● Task goal:
Keep the pictures out, and restate the listing that follows exactly as written.

-- Dataset content follows --

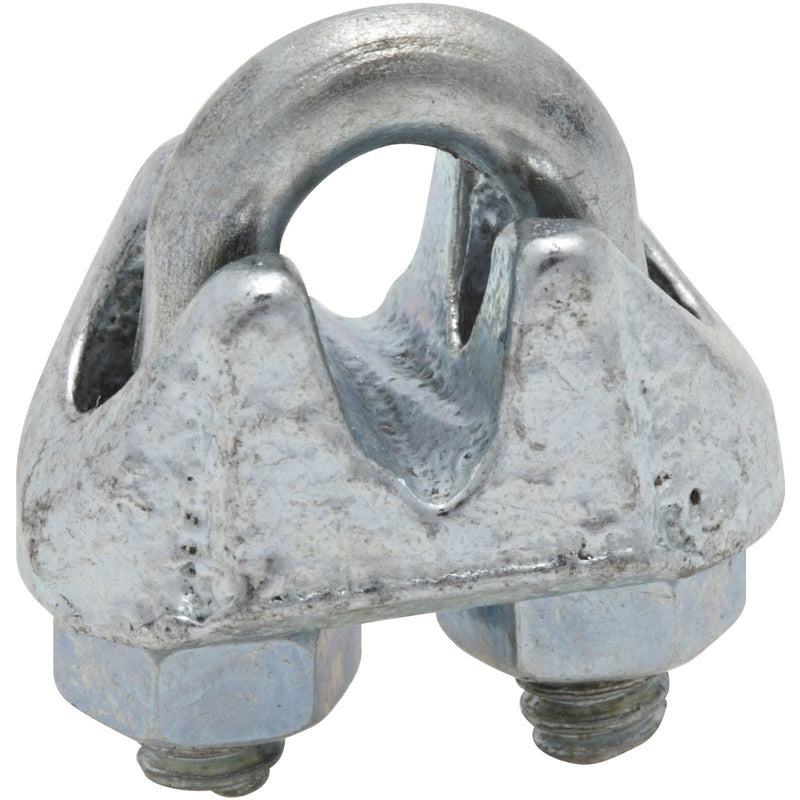 Emery Jensen wire rope clips 1/8 inch for securing wire cables, shown in a close-up image of the clamps.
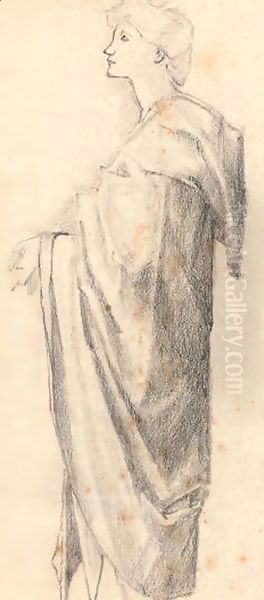 Study of drapery Oil Painting by Sir Edward Coley Burne-Jones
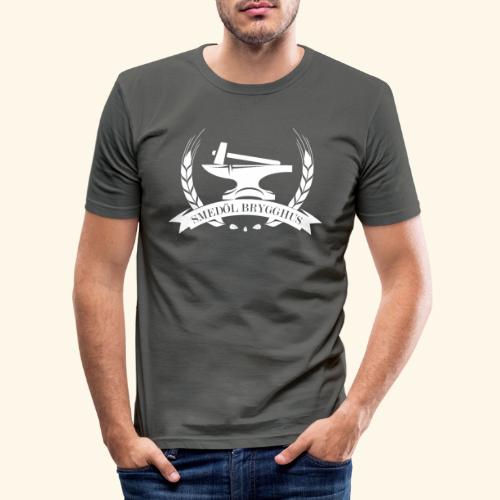Smedöl Brygghus Logga Vit - Slim Fit T-shirt herr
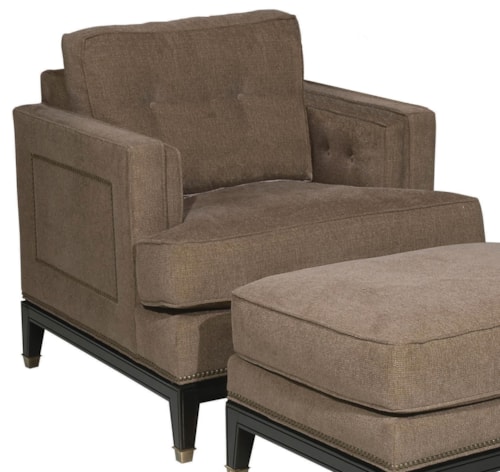 Casual Whitaker Upholstered Chair with Exposed Wood Legs
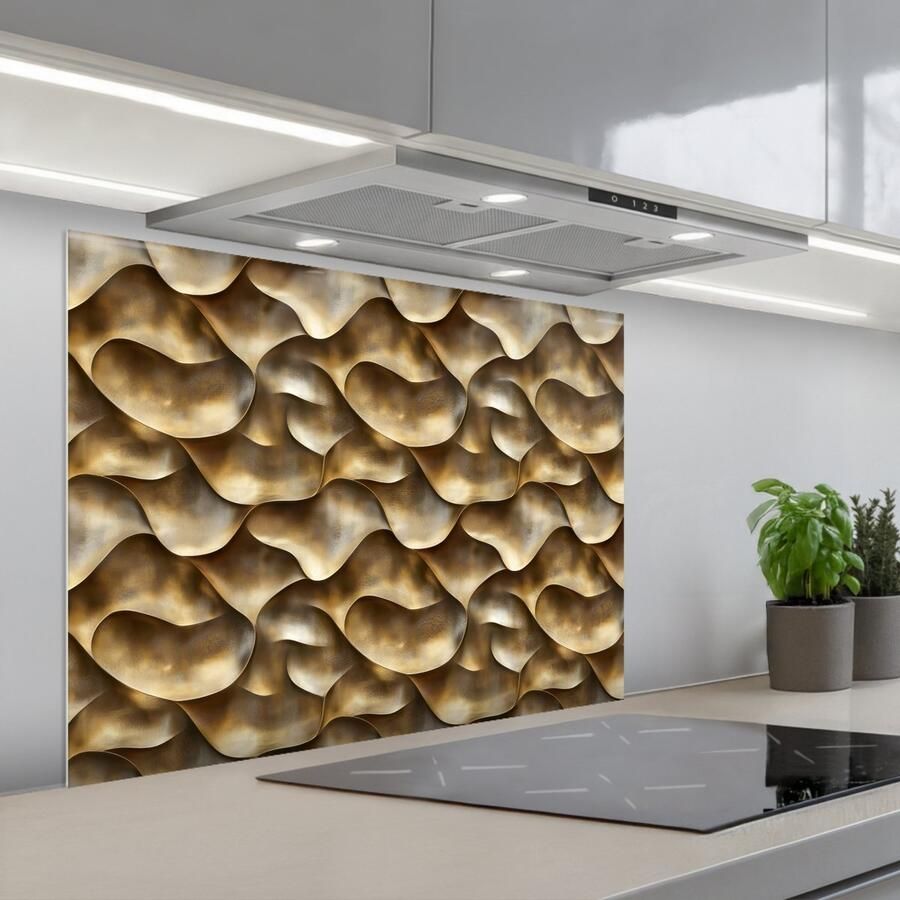 KitchenYeah Spatscherm 80x60 cm Zelfklevende achterwand Abstract Antiek Goud Keuken muurbeschermer Spatwand fornuis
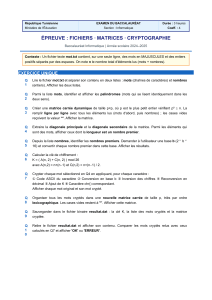 Examen du Baccalaur&eacute;at Informatique : Fichiers, Matrices, Cryptographie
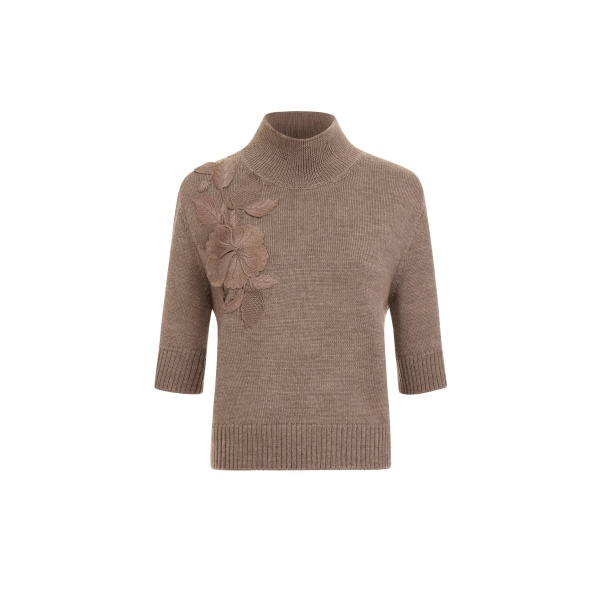 Oscar de la Renta Hibiscus Embroidered Knit Pullover - Knitwear - American Luxury Evening Wear at Luxury Shoes 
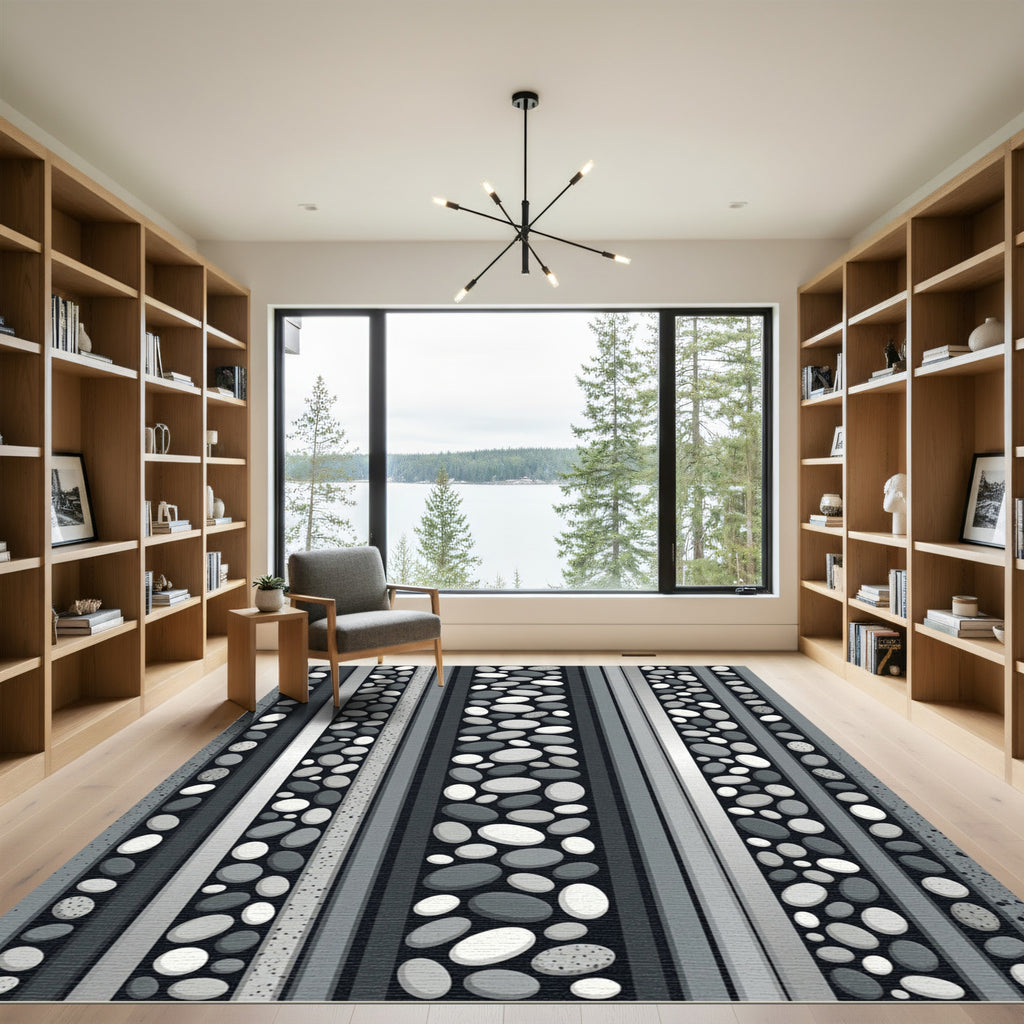 Monochrome Pebble Striped Modern Composition Rug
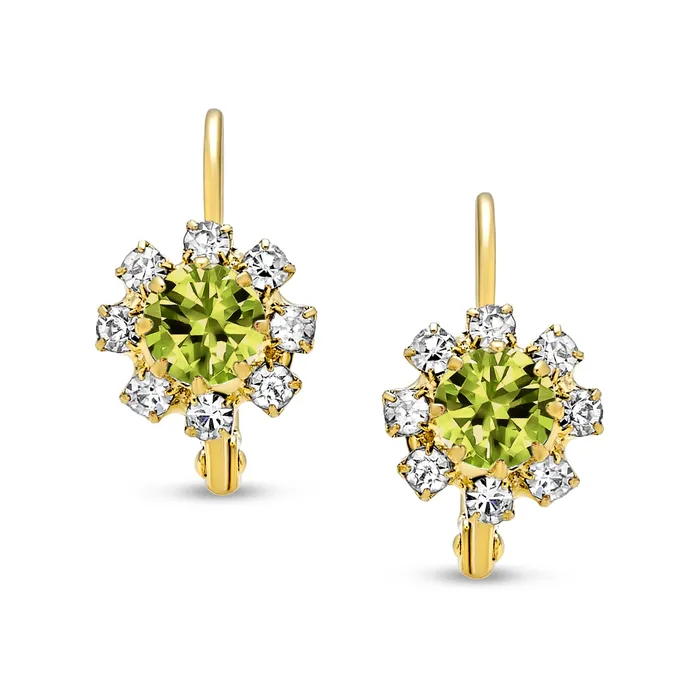 BlingJewelry Wholesale White CZ Flower Gold Plated Drop Earrings More Colors Earrings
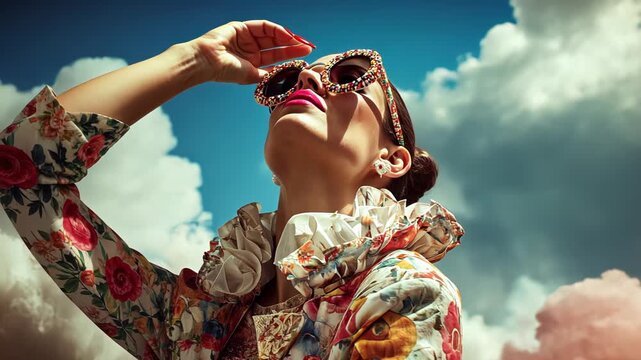 Stylish Fashion Portrait of a Beautiful Model in Floral Print and Sunglasses with Vibrant Colors for Spring Trendy Urban Style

-- Dataset content concluded --

● Finished exercise:
 Emery Jensen wire rope clips 1/8 inch for securing wire cables, shown in a close-up image of the clamps.
 Study of drapery Oil Painting by Sir Edward Coley Burne-Jones
Smedöl Brygghus Logga Vit - Slim Fit T-shirt herr
 Casual Whitaker Upholstered Chair with Exposed Wood Legs
 KitchenYeah Spatscherm 80x60 cm Zelfklevende achterwand Abstract Antiek Goud Keuken muurbeschermer Spatwand fornuis
 Examen du Baccalaur&eacute;at Informatique : Fichiers, Matrices, Cryptographie
 Oscar de la Renta Hibiscus Embroidered Knit Pullover - Knitwear - American Luxury Evening Wear at Luxury Shoes 
 Monochrome Pebble Striped Modern Composition Rug
 BlingJewelry Wholesale White CZ Flower Gold Plated Drop Earrings More Colors Earrings
 Stylish Fashion Portrait of a Beautiful Model in Floral Print and Sunglasses with Vibrant Colors for Spring Trendy Urban Style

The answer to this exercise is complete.